Modern quantum chemical electronic structure methods typically applied to localized chemical bonding are developed to predict atomic structures and free energies for *meso*-tetraalkylporphyrin self-assembled monolayer (SAM) polymorph formation from organic solution on highly ordered pyrolytic graphite surfaces. Large polymorph-dependent dispersion-induced substrate−molecule interactions (e.g., −100 kcal mol^{−1} to −150 kcal mol^{−1} for tetratrisdecylporphyrin) are found to drive SAM formation, opposed nearly completely by large polymorph-dependent dispersion-induced solvent interactions (70–110 kcal mol^{−1}) and entropy effects (25–40 kcal mol^{−1} at 298 K) favoring dissolution. Dielectric continuum models of the solvent are used, facilitating consideration of many possible SAM polymorphs, along with quantum mechanical/molecular mechanical and dispersion-corrected density functional theory calculations. These predict and interpret newly measured and existing high-resolution scanning tunnelling microscopy images of SAM structure, rationalizing polymorph formation conditions. A wide range of molecular condensed matter properties at room temperature now appear suitable for prediction and analysis using electronic structure calculations.
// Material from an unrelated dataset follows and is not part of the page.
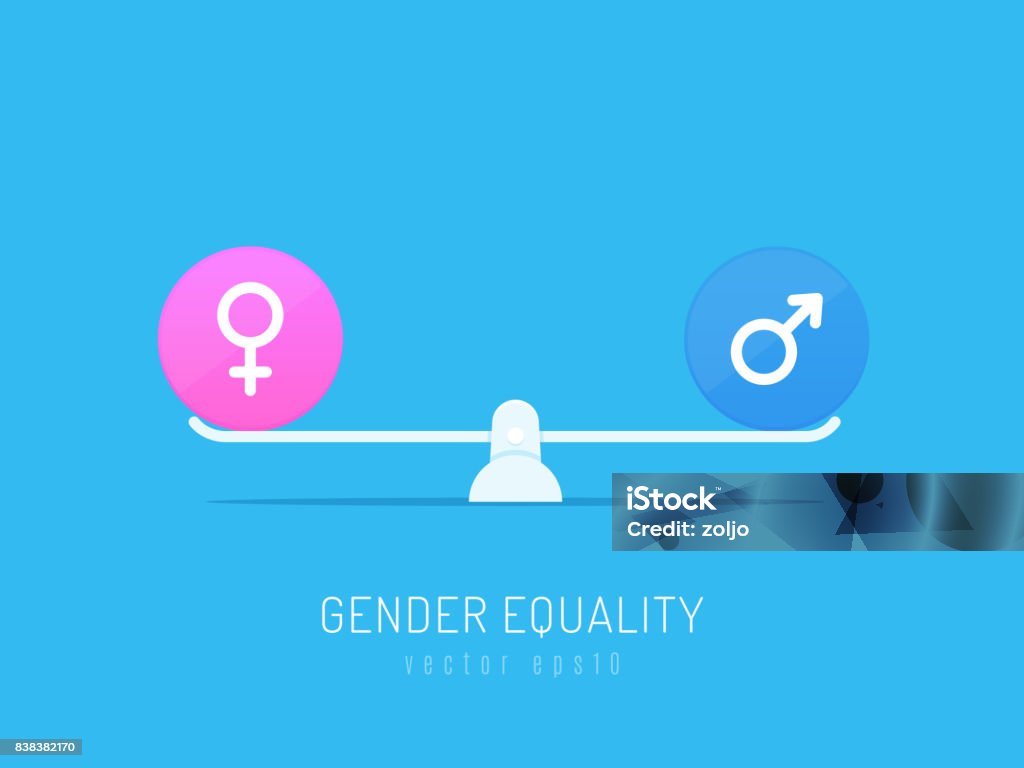 Gleichstellung der Geschlechter - Lizenzfrei Waage - Gewichtsmessinstrument Vektorgrafik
A priori calculations of the free energies of chemical reactions using density functional theory (DFT) and/or ab initio methods are now well established for gas-phase processes (1, 2), gas surface reactions (3), and, using continuum self-consistent reaction field (SCRF) methods, for condensed phase processes also (4). Over the last few years, a major advance in computational methods has occurred, however, allowing for rapid and accurate evaluation of intermolecular dispersion interactions. This makes feasible similar SCRF calculations for physisorption, macromolecule structuring, and other self-assembly processes in condensed phases. We present the first application of this type, to our knowledge, considering the free energy of formation of various polymorphs of tetraalkylporphyrin self-assembled monolayers (SAMs) at solid/liquid interfaces on highly ordered pyrolytic graphite (HOPG) surfaces. Calculated structures and free energies are used to interpret new and existing high-resolution scanning tunneling microscopy (STM) images, focusing on the critical roles played by the dispersion interaction in driving SAM formation and by entropy and dispersion-based desolvation effects that oppose it.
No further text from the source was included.